Tanjungpinang – Direktorat Jenderal Kekayaan Intelektual (DJKI) menyelenggarakan webinar nasional bertema “Dari Tangan Pengrajin untuk Dunia: Indikasi Geografis sebagai Penguat Daya Saing Kerajinan Indonesia” pada Kamis, 31 Juli 2025. Bertempat di Gedung Dewan Kerajinan Nasional Daerah (Dekranasda) Kepulauan Riau, webinar ini menjadi platform penting untuk meningkatkan pemahaman dan pemanfaatan Indikasi Geografis (IG) sebagai daya saing global di sektor kerajinan.
Webinar ini mempertemukan berbagai pemangku kepentingan, termasuk pemilik IG di sektor kerajinan, pejabat pemerintah, komunitas kreatif, pemerhati budaya, dan akademisi. Kegiatan ini juga menjadi wujud sinergi antara Kantor Wilayah Kementerian Hukum dan Dekranasda setempat.
Selama ini, perhatian terhadap Indikasi Geografis lebih banyak terfokus pada produk pertanian. Padahal, Indonesia memiliki kekayaan wastra dan kerajinan yang luar biasa. Dari total 198 IG yang terdaftar di DJKI, hanya 35 yang berasal dari sektor kriya dan kerajinan. Angka ini jauh tertinggal dibandingkan India yang memiliki 654 IG untuk kerajinan, serta Uni Eropa yang telah membuka regulasi IG untuk kerajinan non-pertanian.
Direktur DJKI, Razilu, menyampaikan bahwa Indonesia memiliki potensi besar dalam kerajinan sebagai Indikasi Geografis yang belum tergali maksimal. DJKI berkomitmen untuk memperkenalkan produk-produk IG di berbagai ajang nasional dan internasional, serta menekankan pentingnya peran Dekranasda dalam menggali dan mengembangkan potensi IG di daerah.
Reni Yanita, Sekretaris Jenderal Dewan Kerajinan Nasional, memaparkan peran lembaganya dalam membina delapan kelompok bahan baku kerajinan berbasis UNESCO, seperti keramik, serat alam, dan tekstil. Ia juga menyoroti kinerja ekspor kerajinan Indonesia yang tetap tangguh pasca-pandemi, dengan Tiongkok sebagai negara tujuan ekspor terbesar. Tiga kekuatan utama sektor ini adalah branding, packaging, dan desain produk berbasis kekayaan intelektual.
Hermansyah Siregar, Direktur Merek dan Indikasi Geografis DJKI, menjelaskan aspek teoretis Indikasi Geografis, mulai dari definisi hingga kriteria.

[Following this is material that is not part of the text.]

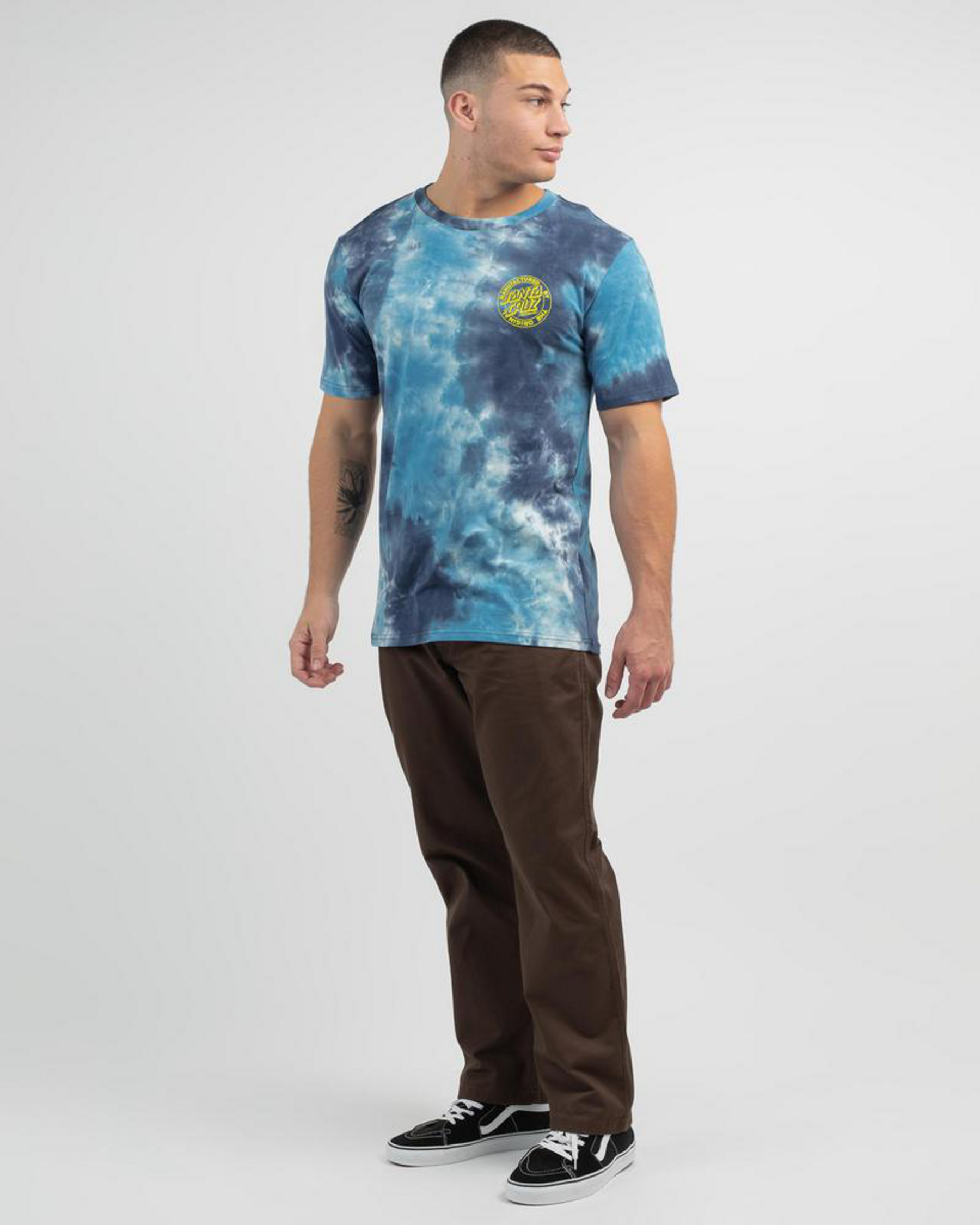 Men's Mfg Dot Tie Dye T-Shirt in Blue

Ia menegaskan bahwa tidak semua produk kerajinan dapat menjadi IG; produk harus memiliki karakteristik unik dan reputasi yang terkait dengan wilayah asalnya. Saat ini, terdapat 18 produk kriya yang sedang dalam tahap pemeriksaan substantif.

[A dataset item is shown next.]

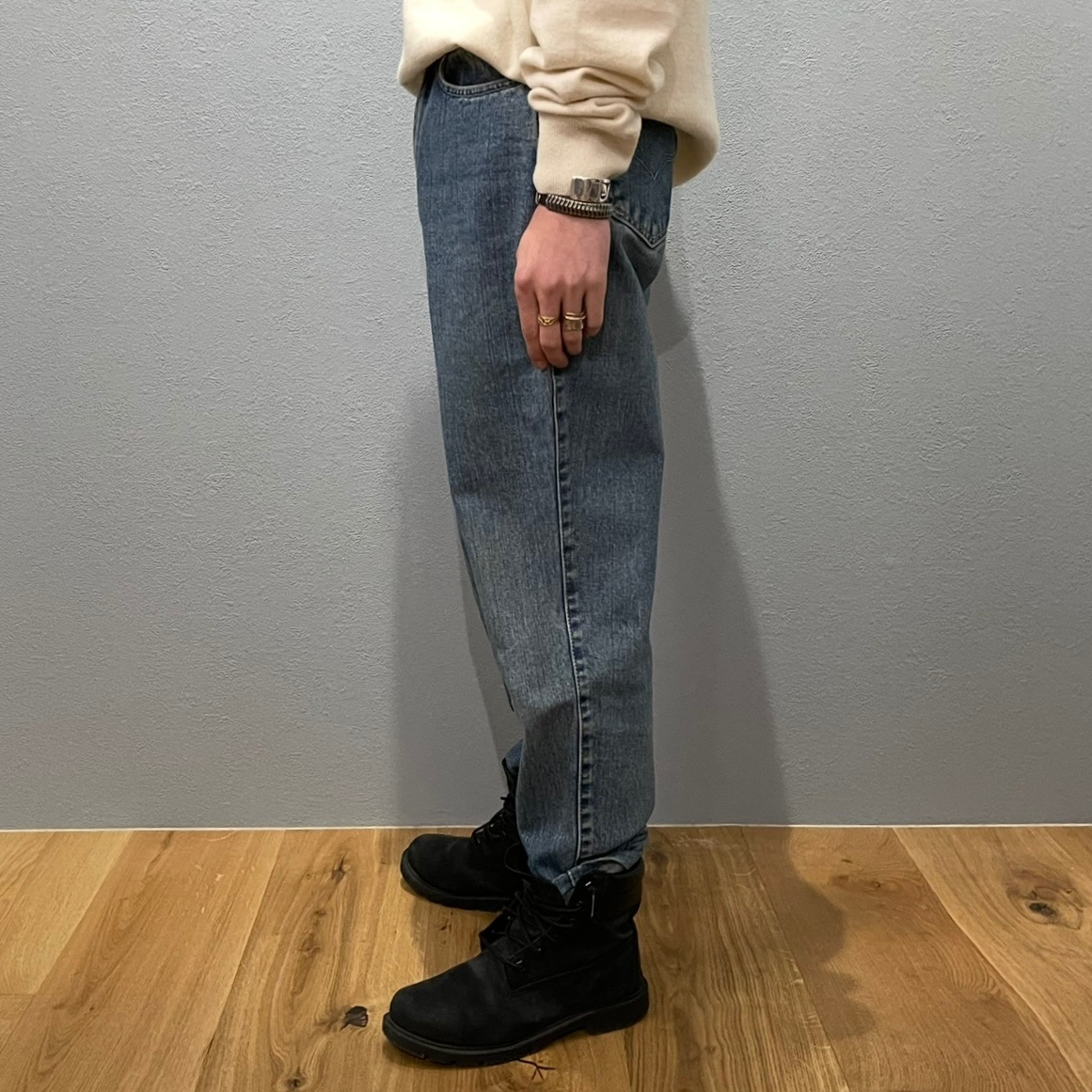 “VERSACE TAPERD DENIM”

Komarudin Kudiya, Ketua Dewan Pakar Yayasan Batik Indonesia (YBI), memaparkan data bahwa dari 193 produk IG, 56 adalah kopi, 28 kerajinan, dan 7 batik. Ia juga menjelaskan alur pendaftaran Indikasi Geografis oleh masyarakat perlindungan IG, tantangan dalam proses pendaftaran, serta pengalamannya secara langsung.
Narasumber terakhir, I Made Megayasa, mempresentasikan Transformasi Kerajinan Tradisional Bali menjadi Identitas Global melalui Indikasi Geografis, dengan fokus pada kerajinan perak Celuk sebagai contoh sukses.
Kegiatan webinar ini terlaksana dengan baik dan lancar, diharapkan dapat mendorong pengrajin Indonesia untuk memanfaatkan Indikasi Geografis sebagai alat penguat daya saing produk mereka di pasar global.